Conventional audio processing systems are not capable of automatically and transparently performing the appropriate processing functions that may be required by an audio stream or streams. Existing systems are largely non-transparent, requiring downstream applications to be configured in order to take advantage of audio processing capabilities. In order to implement audio echo cancellation (AEC), for instance, it is commonly the case that a processing component must be integrated into the sound system and the output elected by a downstream application. Or, a third-party component must be used to proactively add the processed output to the system stream. The process of deciding what adjustments are needed and thereafter carrying them out is similarly not automated. Rather, such processes often require the intervention of an audio engineer or other human being. What is needed is a universal system that is capable of accepting different audio files or streams, autonomously determining processing requirements, carrying out the processing, and providing the processed audio to a user transparently and in real-time.

SUMMARY OF THE INVENTION

An audio processing system and method processes audio streams in real-time. The systems and methods of this disclosure operate transparently, for example, without any intervention from or involvement of the producer of the audio stream or downstream application. With such a transparent solution audio streams can be processed without any help from the consumer/produced application, either individually or together, including in between audio devices.

This allows the creation of a large number of audio effects and/or improvements to the benefit of the end-user. In one embodiment, the system is implemented as a software driver upper filter that can be easily updated to reflect, for instance, new input or output devices, or improved to incorporate new processing logic as it is developed. In another embodiment, the system is configured to operate with a plurality of input and output devices, and relies on shared and customized processing logic depending on the input and output.

In an embodiment, an audio processing system is located on an audio data pathway between an audio source or sink and a client application, and is capable of performing real-time, transparent processing of a plurality of audio streams of a plurality of different audio formats. The system includes an input interface for receiving a plurality of audio streams of a plurality of different audio formats, and an arbitration and control module for determining the format of each of the plurality of audio streams, and, responsive to each format, configuring the audio processing system. It also includes at least one processing node coupled to the input interface and configured by the arbitration and control module for automatically processing each of the plurality of audio streams, as well as an output interface for outputting each processed audio stream to the client application.
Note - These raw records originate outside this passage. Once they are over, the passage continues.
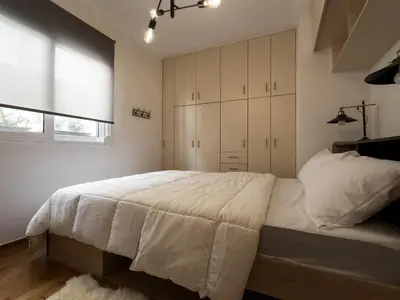 a bedroom with a large white bed and a window at Athens Neos Kosmos 2BDR apt next to metro station in Athens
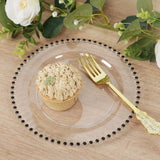 Clear decorative plate with a cupcake and gold fork on a wooden table.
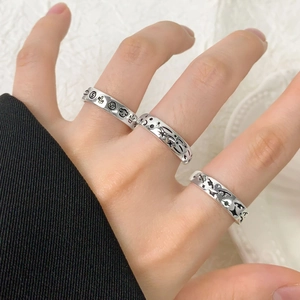 Three-piece S925 silver ring set with engraved graffiti icons on hands, retro style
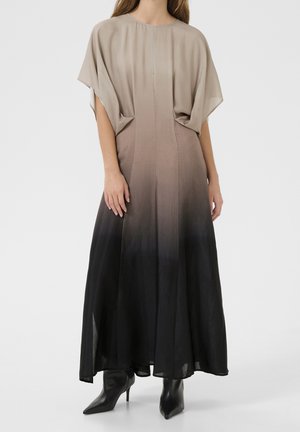 Kvinde iført en lang, løs ombre-kjole, der går fra beige til sort, kombineret med sorte ankelstøvler med spids tå og hæl, stående på hvid baggrund.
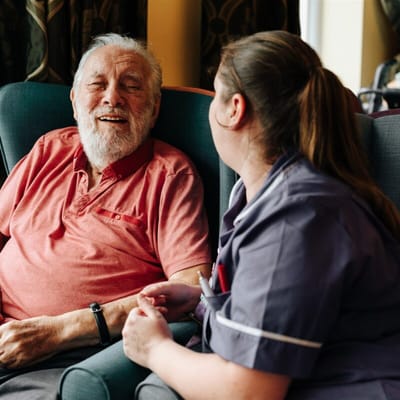 A resident and caregiver sharing a joyful moment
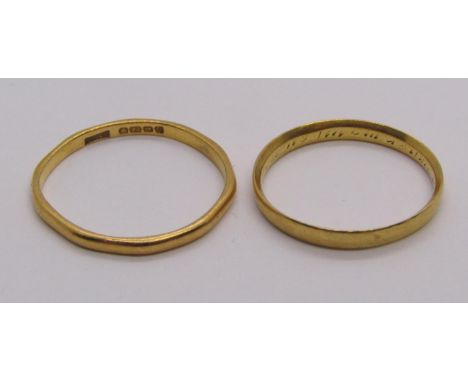 Gold wedding ring with indistinct inscription to interior, possibly a posie ring, size O, 2g and a further 22ct example, size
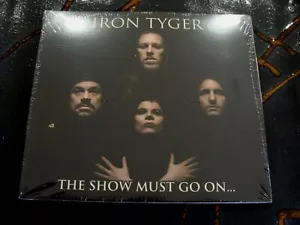 Slip CD Album: Iron Tyger: The Show Must Go On ..: The Works Of Queen Sealed - Bild 1 von 2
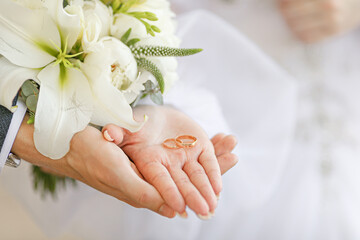 wedding rings on hands of bride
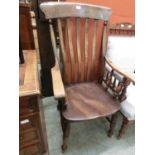 A Victorian beech and elm seat Windsor armchair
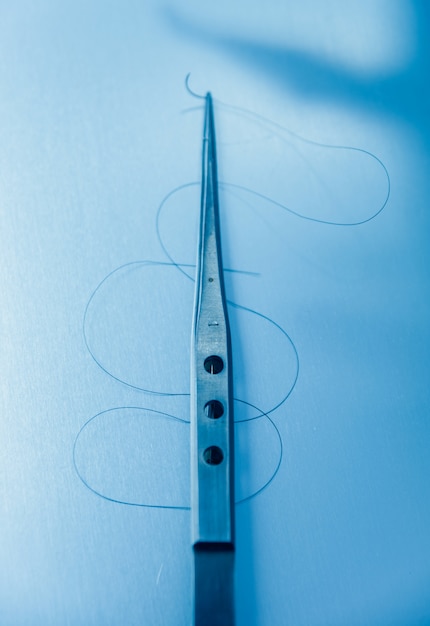 Dental tools on blue scenery.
In another embodiment, a method for transparently processing a plurality of audio streams of different formats is provided. The method involves receiving from a source a first audio stream of a first audio format and receiving from a source a second audio stream of a second audio format. Responsive to the audio format of the first audio stream, one or more processing functions is called from a library of a plurality of processing function libraries to process the first audio stream and output a processed first audio stream to a first audio sink. Likewise, responsive to the audio format of the second audio stream, one or more processing functions is called from a library of the plurality of processing function libraries to process the second audio stream and output a processed second audio stream to a second audio sink.

The features and advantages described in the specification are not all inclusive and, in particular, many additional features and advantages will be apparent to one of ordinary skill in the art in view of the drawings, specification, and claims. Moreover, it should be noted that the language used in the specification has been principally selected for readability and instructional purposes, and may not have been selected to delineate or circumscribe the inventive subject matter.

BRIEF DESCRIPTION OF THE INVENTION

The invention has other advantages and features which will be more readily apparent from the following detailed description of the invention and the appended claims, when taken in conjunction with the accompanying drawings, in which:

FIG. 1 depicts a functional representation of an audio processing system in accordance with an embodiment of the invention.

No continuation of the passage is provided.